International significance

Most provisions of the United States Bill of Rights are based on the English Bill of Rights (1689) and on other aspects of English law. The English Bill of Rights, however, does not include many of the protections found in the First Amendment. For example, while the First Amendment guarantees freedom of speech to the general populace, the English Bill of Rights only protected "freedom of speech and debates or proceedings in Parliament." The Declaration of the Rights of Man and of the Citizen, a French revolutionary document passed only weeks before Congress proposed the Bill of Rights, contains certain guarantees that are similar to the First Amendment's. For instance, it suggests that "every citizen may, accordingly, speak, write, and print with freedom."

Freedom of speech in the United States is more extensive than in many other places in the world. While the First Amendment does not explicitly set restrictions on freedom of speech, other declarations of rights sometimes do so. The European Convention on Human Rights, for example, permits restrictions "in the interests of national security, territorial integrity or public safety, for the prevention of disorder or crime, for the protection of health or morals, for the protection of the reputation or the rights of others, for preventing the disclosure of information received in confidence, or for maintaining the authority and impartiality of the judiciary." These exceptions, however, largely correspond to those the Supreme Court has deemed permissible under the First Amendment.

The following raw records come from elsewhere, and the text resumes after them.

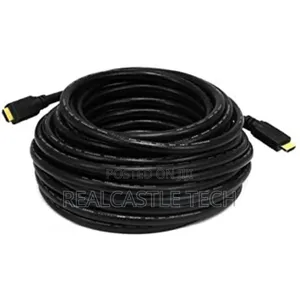Hdmi 30m Cable
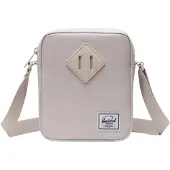 Herschel Sac à bandoulière 'Heritage' gris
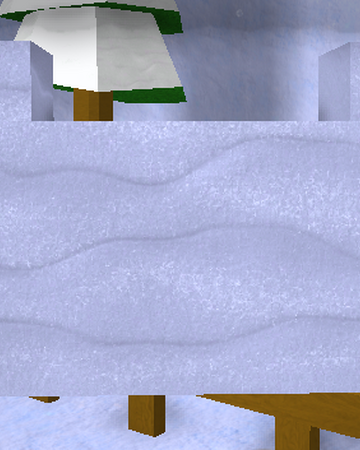 Snow Cover Sbfs Roblox Snow Shoveling Simulator Wiki Fandom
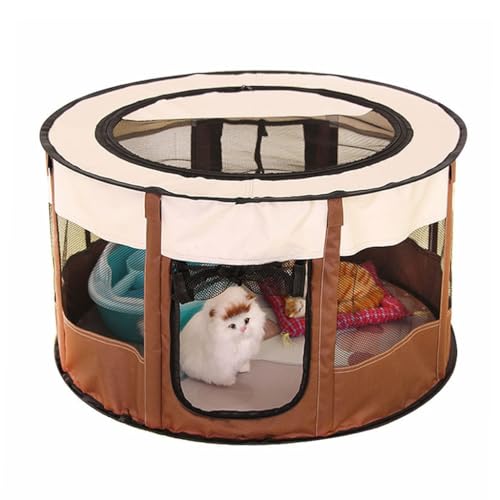 Lieferraum für Haustier Outdoor Zelt Lieferraum für Katze Kätzchen Welpen Tragbares Haus Outdoor Reisen Lieferraum für Haustier Outdoor Zelt Lieferraum für Katze Kätzchen Welpen Tragbares Haus Outdoor Reisen von YUGSHNKFC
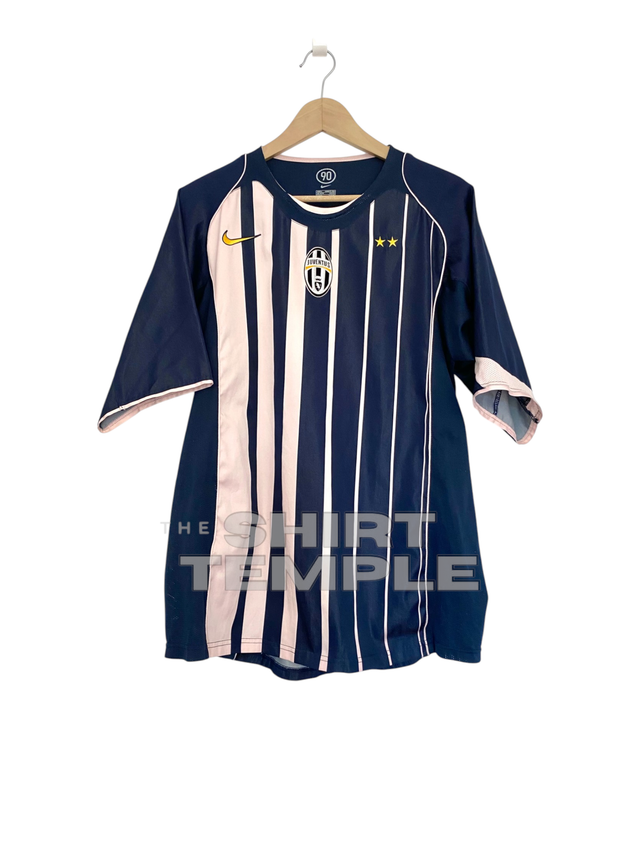 2004/2005 - Juventus FC (L)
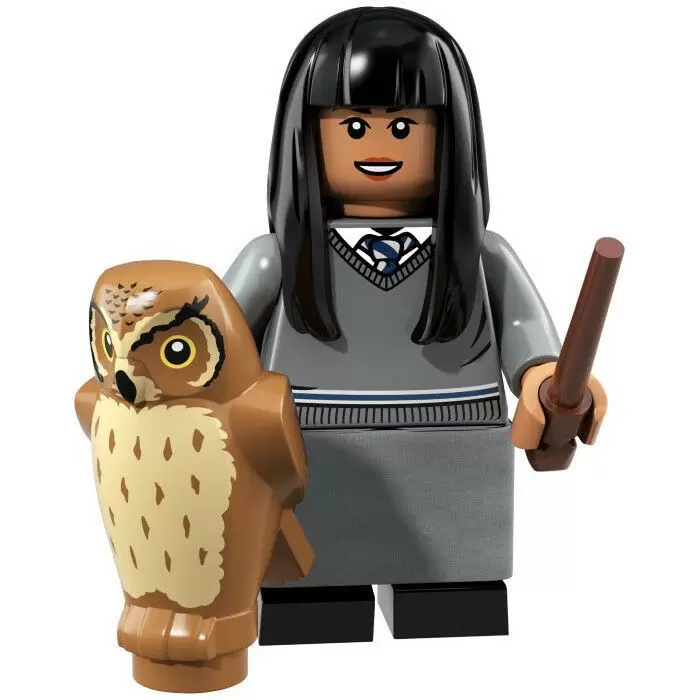 LEGO Minifigures : Wizarding World of Harry Potter - Cho Chang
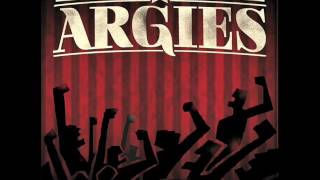 Argies  30 Años En Las Trincheras 2014 Full Álbum [upl. by Per861]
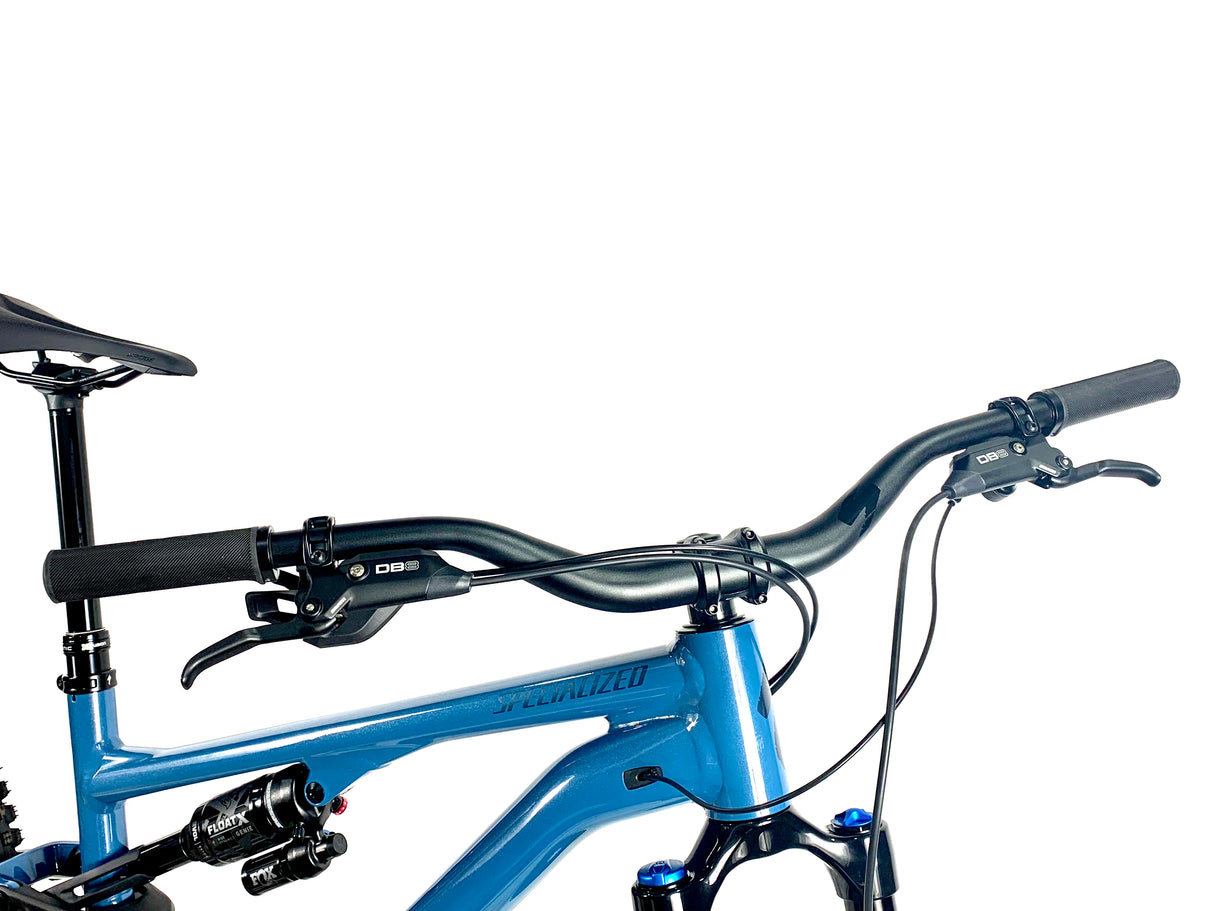 2026 Specialized Stumpjumper 15 Evo Comp Alloy 29 SRAM 1X12 Size: S4 (Preowned)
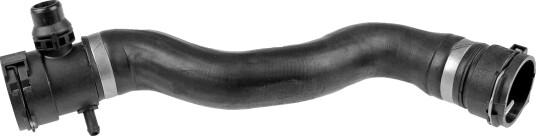 VAICO V20 1027 Radiatorslange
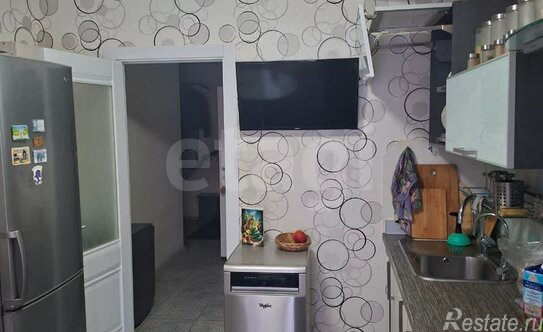 Продажа 1-комн квартиры на вторичном рынке Кудрово г, Австрийская ул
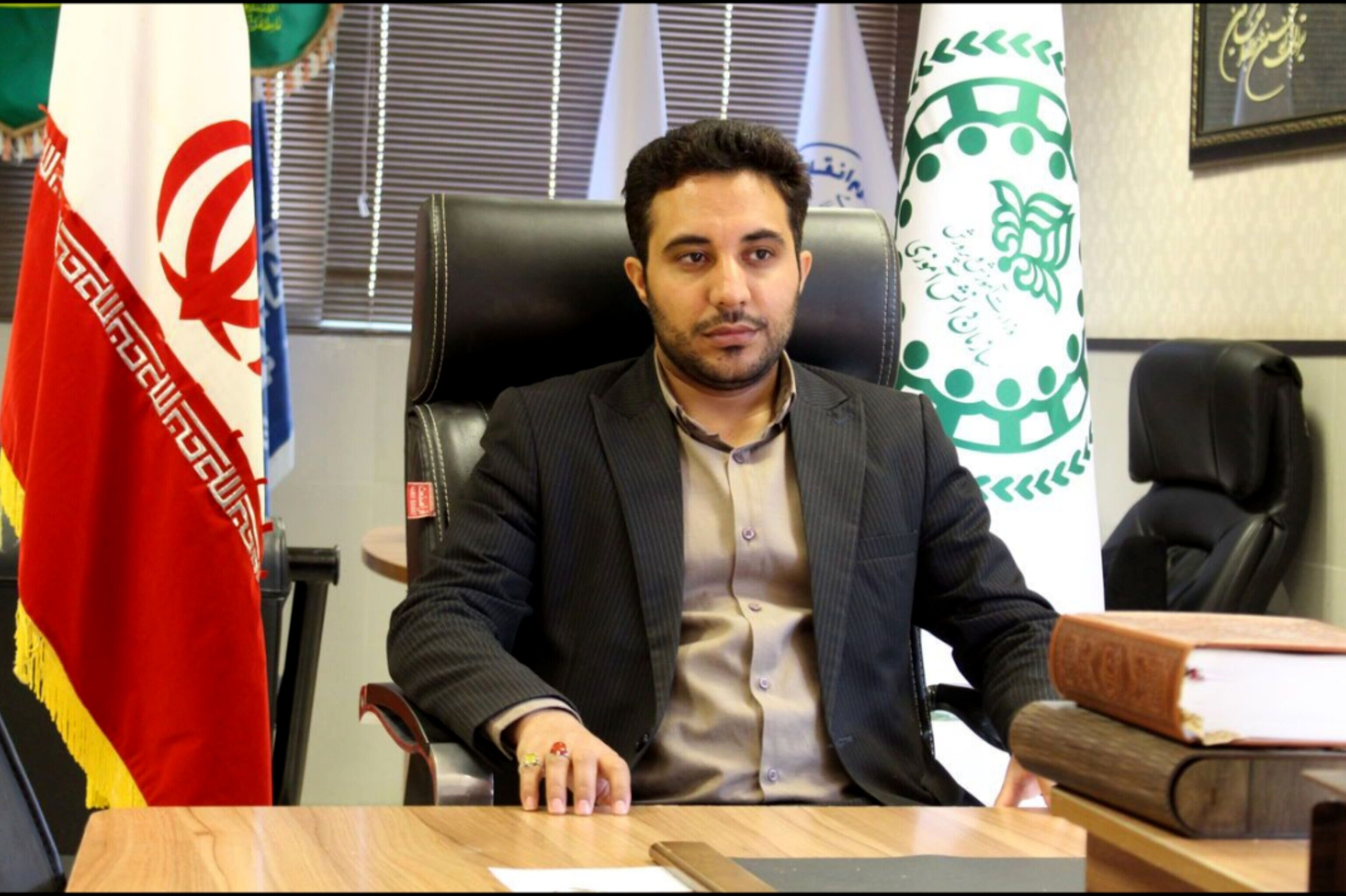 تشکل‌های دانش‌آموزی نقش مهمی در اجرای سند تحول بنیادین دارند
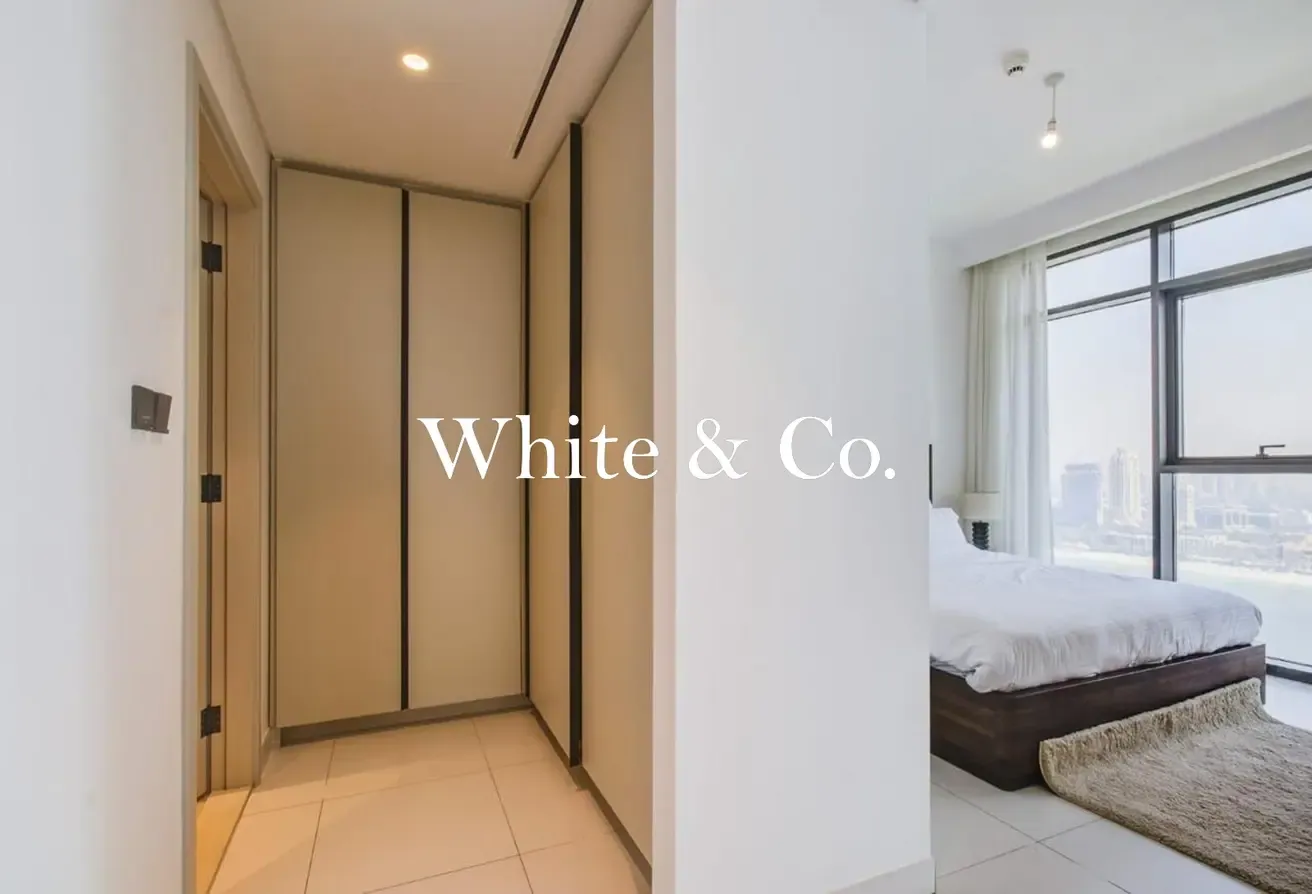Full Marina View | Furnished | Best Deal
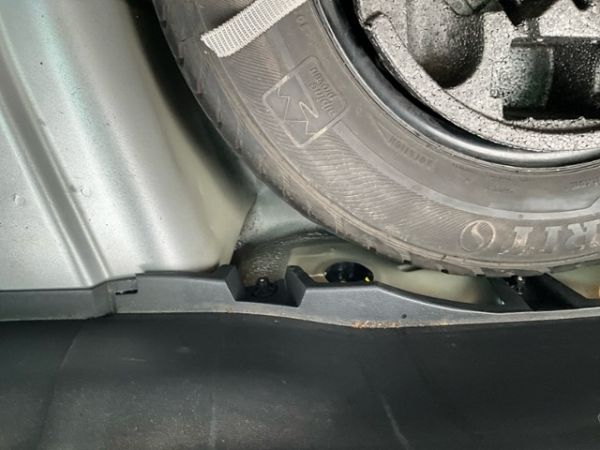 Skoda 1.6 TDI Ambition Octavia Combi [SC]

The First Amendment was one of the first guarantees of religious freedom: neither the English Bill of Rights, nor the French Declaration of Rights, contains an equivalent guarantee. Neither is the United States a theocracy like Iran, nor is it an officially atheist state like the People's Republic of China, due to the constraints imposed by the First Amendment. For the most part, the United States government is secular in the conduct of its affairs. Nevertheless, secularism in the United States is more lax than, for example, in France, where the principle of laïcité prevails.